Kern Medical Center, Bakersfield, CA, USA.
J Investig Med High Impact Case Rep. 2023 Jan-Dec;11:23247096231208996. doi: 10.1177/23247096231208996.
Acquired immunodeficiency syndrome (AIDS)-associated Kaposi sarcoma (KS) is an angioproliferative neoplasia caused by infection with human herpesvirus 8 (HHV-8). It typically presents with mucocutaneous involvement, but it can be disseminated. Initial presentation with primarily pulmonary KS is rare. We present a case of a 32-year-old male with untreated human immunodeficiency virus (HIV) diagnosed 1 year before presentation who developed progressively worsening cough and shortness of breath for 6 months. He was hospitalized twice and treated for unresolved pneumonia in an outside hospital. The patient concomitantly developed purplish nodules on his face, then the upper trunk, back, chest, and thighs bilaterally that gradually increased in size and number. Histopathology findings from skin lesions were consistent for KS. Bronchoscopy found multiple erythematous plaques throughout the tracheobronchial tree with telangiectasias and inflammation suggestive of pulmonary KS. His imaging findings and positive serum HHV-8 polymerase chain reaction (PCR) were consistent with disseminated KS. He started antiretroviral therapy (ART) to treat his HIV infection, followed by liposomal doxorubicin chemotherapy. But both ART and chemotherapy were interrupted due to adherence and insurance issues. The patient was readmitted with acute respiratory failure requiring mechanical ventilation with multiple vasopressors that led to the patient's demise. The late recognition of KS diagnosis and delayed treatment can lead to worse outcomes.

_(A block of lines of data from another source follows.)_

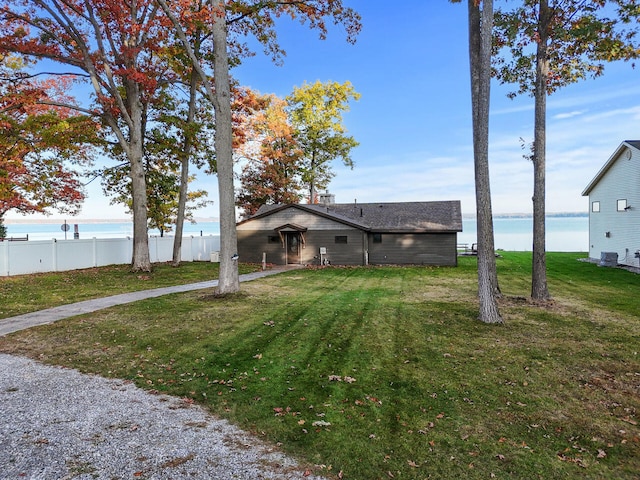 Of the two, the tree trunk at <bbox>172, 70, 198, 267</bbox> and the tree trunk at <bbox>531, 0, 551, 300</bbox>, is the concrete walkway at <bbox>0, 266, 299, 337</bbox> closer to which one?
the tree trunk at <bbox>172, 70, 198, 267</bbox>

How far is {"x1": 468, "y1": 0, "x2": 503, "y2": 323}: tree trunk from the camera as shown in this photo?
7.85m

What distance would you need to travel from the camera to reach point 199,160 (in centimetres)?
2016

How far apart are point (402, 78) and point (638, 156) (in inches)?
494

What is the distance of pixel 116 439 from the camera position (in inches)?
139

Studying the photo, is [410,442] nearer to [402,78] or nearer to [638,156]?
[638,156]

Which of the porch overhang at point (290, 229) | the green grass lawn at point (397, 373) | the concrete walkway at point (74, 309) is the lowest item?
the green grass lawn at point (397, 373)

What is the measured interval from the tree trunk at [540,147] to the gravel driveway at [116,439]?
943cm

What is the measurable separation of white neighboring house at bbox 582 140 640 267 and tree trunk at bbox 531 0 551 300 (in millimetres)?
10937

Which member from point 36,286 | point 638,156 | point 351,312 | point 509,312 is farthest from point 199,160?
point 638,156

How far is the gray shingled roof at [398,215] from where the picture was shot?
22.1 m

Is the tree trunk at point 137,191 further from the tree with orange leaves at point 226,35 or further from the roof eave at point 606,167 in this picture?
the roof eave at point 606,167

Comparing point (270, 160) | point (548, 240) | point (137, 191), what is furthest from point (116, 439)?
point (548, 240)

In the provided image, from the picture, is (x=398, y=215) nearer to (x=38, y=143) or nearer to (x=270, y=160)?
(x=270, y=160)

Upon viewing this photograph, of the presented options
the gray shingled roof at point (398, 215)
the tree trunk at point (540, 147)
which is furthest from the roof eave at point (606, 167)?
the tree trunk at point (540, 147) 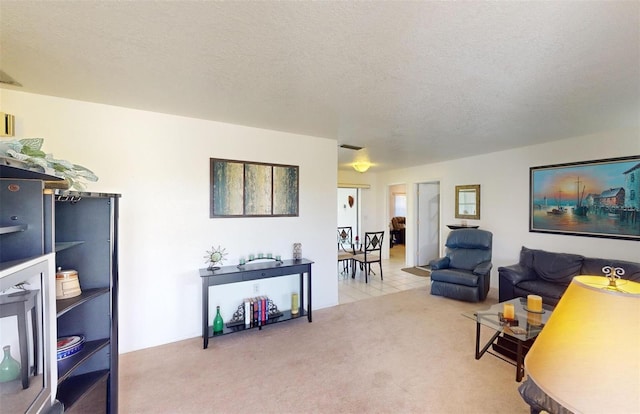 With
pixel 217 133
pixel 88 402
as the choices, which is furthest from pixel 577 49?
pixel 88 402

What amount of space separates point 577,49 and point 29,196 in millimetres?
3000

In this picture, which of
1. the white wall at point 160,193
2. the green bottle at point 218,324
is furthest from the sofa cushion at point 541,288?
the green bottle at point 218,324

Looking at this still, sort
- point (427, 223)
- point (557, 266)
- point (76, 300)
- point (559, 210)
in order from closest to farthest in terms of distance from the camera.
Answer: point (76, 300), point (557, 266), point (559, 210), point (427, 223)

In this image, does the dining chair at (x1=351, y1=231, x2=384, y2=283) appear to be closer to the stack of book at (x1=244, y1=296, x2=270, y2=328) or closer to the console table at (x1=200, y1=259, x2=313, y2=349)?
the console table at (x1=200, y1=259, x2=313, y2=349)

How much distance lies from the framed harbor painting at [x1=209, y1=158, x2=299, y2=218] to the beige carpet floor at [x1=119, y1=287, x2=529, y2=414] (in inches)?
56.6

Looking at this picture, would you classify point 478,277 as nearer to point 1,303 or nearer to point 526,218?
point 526,218

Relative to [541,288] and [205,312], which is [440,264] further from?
[205,312]

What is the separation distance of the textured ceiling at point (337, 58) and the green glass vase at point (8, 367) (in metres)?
1.55

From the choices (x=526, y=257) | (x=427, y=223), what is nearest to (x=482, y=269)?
(x=526, y=257)

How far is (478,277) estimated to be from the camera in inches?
155

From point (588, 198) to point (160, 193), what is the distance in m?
5.39

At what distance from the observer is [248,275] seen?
2.92 meters

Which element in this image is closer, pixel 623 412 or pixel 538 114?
pixel 623 412

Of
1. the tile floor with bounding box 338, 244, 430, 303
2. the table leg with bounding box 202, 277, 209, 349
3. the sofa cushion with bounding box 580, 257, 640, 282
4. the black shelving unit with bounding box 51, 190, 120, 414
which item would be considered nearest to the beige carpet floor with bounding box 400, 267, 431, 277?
the tile floor with bounding box 338, 244, 430, 303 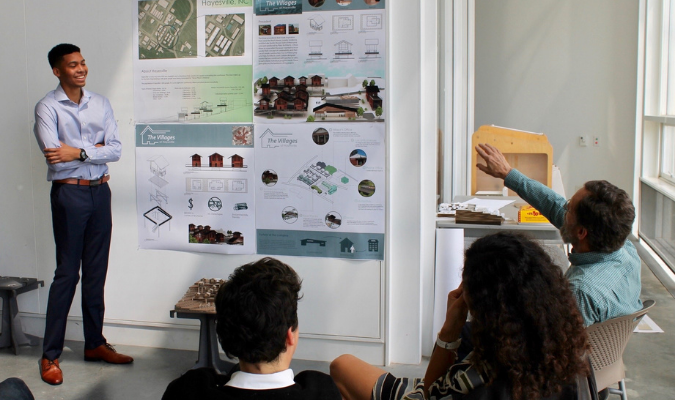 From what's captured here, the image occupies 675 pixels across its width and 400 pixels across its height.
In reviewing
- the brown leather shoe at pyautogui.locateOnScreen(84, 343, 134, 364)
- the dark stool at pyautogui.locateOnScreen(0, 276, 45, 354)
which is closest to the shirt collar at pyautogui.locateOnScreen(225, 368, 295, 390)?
the brown leather shoe at pyautogui.locateOnScreen(84, 343, 134, 364)

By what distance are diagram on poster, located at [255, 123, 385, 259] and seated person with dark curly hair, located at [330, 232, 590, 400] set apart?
7.13ft

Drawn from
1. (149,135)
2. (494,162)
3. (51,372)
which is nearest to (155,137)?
(149,135)

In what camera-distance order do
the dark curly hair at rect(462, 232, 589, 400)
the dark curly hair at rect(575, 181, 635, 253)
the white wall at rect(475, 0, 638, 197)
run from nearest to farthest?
1. the dark curly hair at rect(462, 232, 589, 400)
2. the dark curly hair at rect(575, 181, 635, 253)
3. the white wall at rect(475, 0, 638, 197)

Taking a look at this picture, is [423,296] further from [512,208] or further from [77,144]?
[77,144]

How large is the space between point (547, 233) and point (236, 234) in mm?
1997

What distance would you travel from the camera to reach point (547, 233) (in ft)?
13.0

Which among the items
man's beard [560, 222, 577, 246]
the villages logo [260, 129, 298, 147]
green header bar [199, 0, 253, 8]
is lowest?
man's beard [560, 222, 577, 246]

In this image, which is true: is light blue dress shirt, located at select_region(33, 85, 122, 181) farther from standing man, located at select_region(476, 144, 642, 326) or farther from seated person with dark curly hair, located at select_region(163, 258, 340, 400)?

获得性免疫缺陷综合征(AIDS)相关的卡波西肉瘤(KS)是一种由人类疱疹病毒 8 型(HHV-8)感染引起的血管增生性肿瘤。它通常表现为黏膜皮肤受累,但也可以播散。最初表现为主要肺部 KS 的情况较为罕见。我们报告了一例 32 岁男性,HIV 未经治疗,在就诊前 1 年被诊断出 HIV 感染,他出现进行性加重的咳嗽和呼吸困难,持续了 6 个月。他曾两次住院,在一家外院接受未解决的肺炎治疗。患者同时在面部、上半身、背部、胸部和双侧大腿出现紫色结节,这些结节逐渐增大和增多。皮肤病变的组织病理学发现符合 KS。支气管镜检查发现整个气管支气管树有多个红斑斑块,伴有毛细血管扩张和炎症,提示为肺部 KS。他的影像学发现和血清 HHV-8 聚合酶链反应(PCR)阳性与播散性 KS 一致。他开始接受抗逆转录病毒治疗(ART)以治疗 HIV 感染,随后接受脂质体多柔比星化疗。但由于依从性和保险问题,ART 和化疗都被中断。患者因急性呼吸衰竭再次入院,需要机械通气和多种血管加压药,最终导致患者死亡。KS 诊断的迟认和治疗的延迟可能导致更差的结局。